|其他摘要||Soil moisture is the main restrictive factor for the growth of desert vegetation in the Gurbantunggut Desert, is a critical component of water circulation in Soil Plant Atmosphere Continuum, and is the basis for the determination of vegetation carrying capacity and the management of sandy soil moisture. Beishawo, in the southern of Gurbantunggut Desert, was selected as research area, and Haloxylon ammodendron community was selected as studied object. In-situ observation was performed from February 2014 to October 2015，combined with the measure of soil physics characteristics parameter in the laboratory of Fukang Station, the spatial and temporal dynamics of sandy soil moisture, the difference of soil moisture content in the soil layers under the canopy of Haloxylon ammodendron at different growth stages, the influencing factors of spatial difference in sandy soil moisture and the dynamic prediction of sandy soil moisture were researched. The preliminary conclusions can be list as follows:
(1) soil moisture content had obvious temporal variation, and the annual variation of soil moisture content could be divided into 3 periods, i.e., moisture gaining period (from March to May), moisture losing period (from June to October) and moisture stable period (from November to February the following year).
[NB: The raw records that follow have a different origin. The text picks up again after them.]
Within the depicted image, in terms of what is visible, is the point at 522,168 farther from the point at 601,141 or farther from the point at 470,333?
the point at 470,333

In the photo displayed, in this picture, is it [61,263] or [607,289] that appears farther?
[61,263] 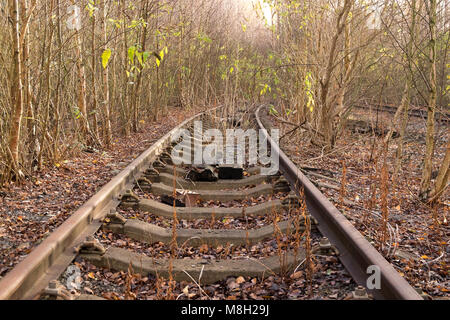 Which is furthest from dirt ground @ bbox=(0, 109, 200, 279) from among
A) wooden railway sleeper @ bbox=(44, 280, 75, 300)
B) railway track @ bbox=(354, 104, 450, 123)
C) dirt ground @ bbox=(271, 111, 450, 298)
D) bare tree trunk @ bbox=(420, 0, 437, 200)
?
railway track @ bbox=(354, 104, 450, 123)

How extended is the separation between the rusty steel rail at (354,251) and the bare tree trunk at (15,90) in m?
3.30

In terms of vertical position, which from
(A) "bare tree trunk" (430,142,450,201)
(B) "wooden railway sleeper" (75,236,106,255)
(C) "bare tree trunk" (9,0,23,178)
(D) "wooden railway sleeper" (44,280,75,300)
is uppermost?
(C) "bare tree trunk" (9,0,23,178)

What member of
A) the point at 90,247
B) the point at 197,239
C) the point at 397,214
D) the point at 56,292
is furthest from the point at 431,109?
the point at 56,292

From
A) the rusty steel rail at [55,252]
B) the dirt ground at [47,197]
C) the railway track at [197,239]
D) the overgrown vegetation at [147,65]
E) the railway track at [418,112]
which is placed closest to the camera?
the rusty steel rail at [55,252]

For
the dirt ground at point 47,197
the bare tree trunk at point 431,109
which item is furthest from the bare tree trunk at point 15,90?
the bare tree trunk at point 431,109

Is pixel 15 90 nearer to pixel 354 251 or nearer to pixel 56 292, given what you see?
pixel 56 292

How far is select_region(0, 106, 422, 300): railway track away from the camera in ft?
9.41

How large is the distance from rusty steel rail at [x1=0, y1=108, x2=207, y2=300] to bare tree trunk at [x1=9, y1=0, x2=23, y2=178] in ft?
4.26

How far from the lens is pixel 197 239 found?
3969 millimetres

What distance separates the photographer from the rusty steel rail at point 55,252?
8.48 feet

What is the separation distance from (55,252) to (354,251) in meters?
2.08

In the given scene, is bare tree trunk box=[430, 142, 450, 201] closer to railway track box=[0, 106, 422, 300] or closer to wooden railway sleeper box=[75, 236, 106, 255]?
railway track box=[0, 106, 422, 300]

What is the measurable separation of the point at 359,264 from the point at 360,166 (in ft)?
14.7

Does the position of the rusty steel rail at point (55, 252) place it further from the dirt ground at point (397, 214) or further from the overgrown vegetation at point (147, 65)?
the dirt ground at point (397, 214) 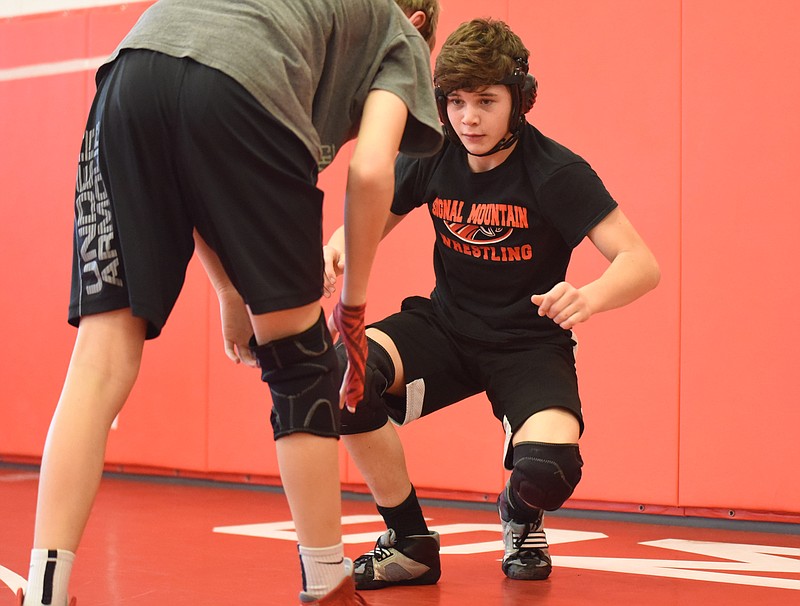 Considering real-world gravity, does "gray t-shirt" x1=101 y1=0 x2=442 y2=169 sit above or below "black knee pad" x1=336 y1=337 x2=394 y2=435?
above

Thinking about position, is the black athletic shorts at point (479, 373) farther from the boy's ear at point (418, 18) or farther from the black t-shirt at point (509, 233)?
the boy's ear at point (418, 18)

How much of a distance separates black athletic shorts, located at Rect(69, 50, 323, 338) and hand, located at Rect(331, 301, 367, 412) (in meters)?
0.11

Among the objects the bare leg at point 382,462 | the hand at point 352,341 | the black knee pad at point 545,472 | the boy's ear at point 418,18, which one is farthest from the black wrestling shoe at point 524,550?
the boy's ear at point 418,18

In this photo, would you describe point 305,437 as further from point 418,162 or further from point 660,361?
point 660,361

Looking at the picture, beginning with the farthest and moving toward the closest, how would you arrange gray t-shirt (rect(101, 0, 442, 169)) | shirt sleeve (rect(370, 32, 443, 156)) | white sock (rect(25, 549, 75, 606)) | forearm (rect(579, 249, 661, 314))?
forearm (rect(579, 249, 661, 314))
shirt sleeve (rect(370, 32, 443, 156))
gray t-shirt (rect(101, 0, 442, 169))
white sock (rect(25, 549, 75, 606))

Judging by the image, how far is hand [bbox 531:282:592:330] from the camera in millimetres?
1828

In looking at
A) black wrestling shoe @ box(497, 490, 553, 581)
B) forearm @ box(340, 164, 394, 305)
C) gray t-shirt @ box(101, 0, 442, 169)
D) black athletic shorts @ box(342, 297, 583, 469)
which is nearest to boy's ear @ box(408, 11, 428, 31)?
gray t-shirt @ box(101, 0, 442, 169)

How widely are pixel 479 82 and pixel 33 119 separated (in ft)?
10.4

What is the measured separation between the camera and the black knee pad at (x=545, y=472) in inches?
79.8

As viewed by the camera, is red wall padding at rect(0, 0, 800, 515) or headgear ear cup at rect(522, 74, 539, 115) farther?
red wall padding at rect(0, 0, 800, 515)

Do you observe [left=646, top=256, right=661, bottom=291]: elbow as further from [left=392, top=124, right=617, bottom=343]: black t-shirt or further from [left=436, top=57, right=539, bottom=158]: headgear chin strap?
[left=436, top=57, right=539, bottom=158]: headgear chin strap

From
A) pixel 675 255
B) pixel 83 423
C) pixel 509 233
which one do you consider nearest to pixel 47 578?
pixel 83 423

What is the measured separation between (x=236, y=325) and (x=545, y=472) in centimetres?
70

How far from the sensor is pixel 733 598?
6.50 feet
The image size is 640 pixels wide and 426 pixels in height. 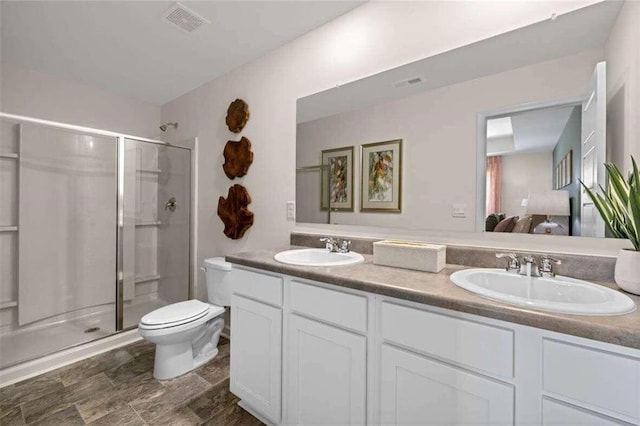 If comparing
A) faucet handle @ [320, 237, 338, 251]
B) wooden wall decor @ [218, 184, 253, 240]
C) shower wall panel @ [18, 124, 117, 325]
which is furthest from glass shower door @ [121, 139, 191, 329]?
faucet handle @ [320, 237, 338, 251]

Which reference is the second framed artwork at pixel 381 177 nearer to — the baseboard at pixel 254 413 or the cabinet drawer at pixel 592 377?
the cabinet drawer at pixel 592 377

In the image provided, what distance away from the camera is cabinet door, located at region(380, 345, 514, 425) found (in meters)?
0.82

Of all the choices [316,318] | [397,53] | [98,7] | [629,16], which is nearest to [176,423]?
[316,318]

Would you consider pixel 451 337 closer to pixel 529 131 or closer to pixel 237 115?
pixel 529 131

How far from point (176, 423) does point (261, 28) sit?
7.87 feet

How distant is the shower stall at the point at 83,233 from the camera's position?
2.29 meters

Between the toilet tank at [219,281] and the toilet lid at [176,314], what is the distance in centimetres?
15

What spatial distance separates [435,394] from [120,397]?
5.93 feet

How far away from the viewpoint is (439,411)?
0.92 metres

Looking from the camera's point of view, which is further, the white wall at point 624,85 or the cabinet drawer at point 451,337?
the white wall at point 624,85

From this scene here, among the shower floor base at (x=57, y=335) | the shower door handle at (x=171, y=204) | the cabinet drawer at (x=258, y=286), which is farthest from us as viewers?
the shower door handle at (x=171, y=204)

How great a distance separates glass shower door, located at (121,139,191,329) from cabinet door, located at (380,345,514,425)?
237 cm

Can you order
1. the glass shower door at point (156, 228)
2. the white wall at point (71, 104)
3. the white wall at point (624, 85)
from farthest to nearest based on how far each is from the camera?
1. the glass shower door at point (156, 228)
2. the white wall at point (71, 104)
3. the white wall at point (624, 85)

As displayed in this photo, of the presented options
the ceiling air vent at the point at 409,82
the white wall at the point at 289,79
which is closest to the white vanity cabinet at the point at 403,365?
the white wall at the point at 289,79
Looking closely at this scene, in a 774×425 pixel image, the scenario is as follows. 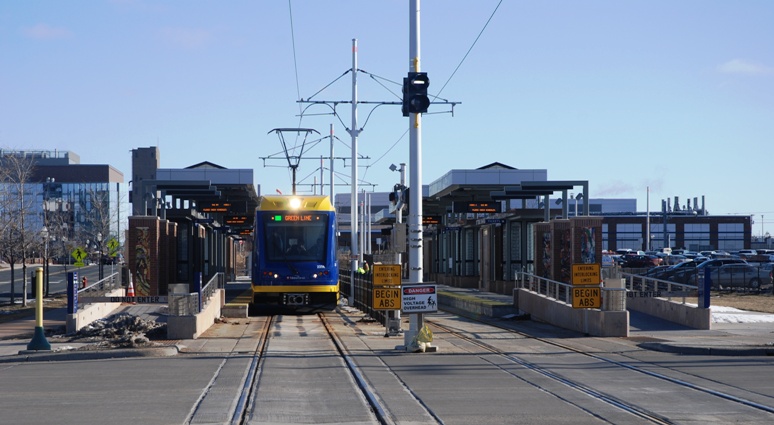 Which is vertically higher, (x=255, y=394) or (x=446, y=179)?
(x=446, y=179)

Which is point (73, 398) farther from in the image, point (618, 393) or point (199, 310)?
point (199, 310)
soil moisture content was higher and varied a lot with the depth in 0~30 cm soil layer, soil moisture content was lower and relatively constant with depth in 30~400 cm soil layer; based on the variation coefficients of soil moisture content, the variation coefficients of soil moisture content was higher and varied a lot with the depth in 0~70 cm soil layer, the variation coefficients of soil moisture content was lower and relatively constant with depth in 70~400 cm soil layer.
The difference in soil moisture content was not significant between slope positions, in the west slope, east slope and top of the dune, but it was significant between interdune and the above-mentioned three slope positions, and the soil moisture content in the former was relatively higher; the soil moisture content in the top of the dune was lowest, the difference in soil moisture content was not significant between west slope and east slope, and the soil moisture content in west slope was higher than the soil moisture content in east slope.
(2) The averaged soil moisture content at different life stages in spring, summer, fall, as well as in the whole year displayed a pattern in order of dead individual > adult individual > young individual > bare soil; soil moisture decreased gradually with the increasing distance to the Haloxylon ammodendron base stem within 5 meters; and following rainfall events, the soil moisture content in 10 cm soil increased more in the root zone than in the bare soil.
(3) Rainfall and evaporation had no significant influence on spatial difference of soil moisture content, snowfall, crust and vegetation had significant influence on spatial difference of soil moisture content. On the whole year, the existence of crust increased the evaporation of soil moisture to a certain extent. The wet island effect and shade effect of Haloxylon ammodendron shrub increased the soil moisture content in the interdune to a certain extent. Soil texture had significant influence on spatial difference of soil moisture content. In all, snowfall, vegetation and soil texture resulted in the high soil moisture content in the interdune.
(4) The soil moisture dynamics Haloxylon ammodendron community was simulated with quadratic exponential smoothing model and cubic exponential smoothing model using the soil moisture data in 2014 and 2015. And the soil moisture in a future period of time was forecasted. In the quadratic exponential smoothing model, predictive value was close to measured value, however, the trend of predictive value and measured value was not consistent; in cubic exponential smoothing model, the dynamic trend of predictive value and measured value was consistent.|